[Saved entries]
********

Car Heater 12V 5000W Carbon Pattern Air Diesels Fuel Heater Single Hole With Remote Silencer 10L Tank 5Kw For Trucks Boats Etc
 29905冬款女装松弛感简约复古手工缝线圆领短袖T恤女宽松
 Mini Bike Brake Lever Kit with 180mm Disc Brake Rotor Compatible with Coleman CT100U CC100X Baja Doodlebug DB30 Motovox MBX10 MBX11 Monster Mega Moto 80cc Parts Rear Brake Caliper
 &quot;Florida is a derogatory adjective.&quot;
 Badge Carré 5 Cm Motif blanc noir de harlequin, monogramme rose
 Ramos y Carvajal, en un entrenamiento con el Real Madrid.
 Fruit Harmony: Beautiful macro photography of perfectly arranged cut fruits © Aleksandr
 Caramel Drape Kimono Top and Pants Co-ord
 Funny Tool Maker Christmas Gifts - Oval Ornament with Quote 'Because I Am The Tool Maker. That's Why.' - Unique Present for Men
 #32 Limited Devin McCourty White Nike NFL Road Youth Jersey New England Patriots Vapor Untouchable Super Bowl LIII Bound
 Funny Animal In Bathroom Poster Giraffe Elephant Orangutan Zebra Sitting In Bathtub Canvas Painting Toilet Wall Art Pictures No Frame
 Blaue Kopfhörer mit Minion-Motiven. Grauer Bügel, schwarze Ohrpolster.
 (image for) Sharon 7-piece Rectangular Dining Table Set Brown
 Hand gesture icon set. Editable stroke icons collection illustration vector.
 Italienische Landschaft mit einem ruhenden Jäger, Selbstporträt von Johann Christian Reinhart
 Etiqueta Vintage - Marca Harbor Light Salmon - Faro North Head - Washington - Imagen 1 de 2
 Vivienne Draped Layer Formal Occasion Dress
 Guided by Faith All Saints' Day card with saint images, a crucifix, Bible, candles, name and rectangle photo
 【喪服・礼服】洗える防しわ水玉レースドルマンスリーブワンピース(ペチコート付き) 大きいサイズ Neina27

********

▸ **WHAT THIS TASK INVOLVES**: Reprint exactly the lines above that start at the one with "Blaue Kopfhörer mit" and end at the one with "Italienische Landschaft mit", keeping both and adding none.

▸ **TASK RESPONSE**:
 Blaue Kopfhörer mit Minion-Motiven. Grauer Bügel, schwarze Ohrpolster.
 (image for) Sharon 7-piece Rectangular Dining Table Set Brown
 Hand gesture icon set. Editable stroke icons collection illustration vector.
 Italienische Landschaft mit einem ruhenden Jäger, Selbstporträt von Johann Christian Reinhart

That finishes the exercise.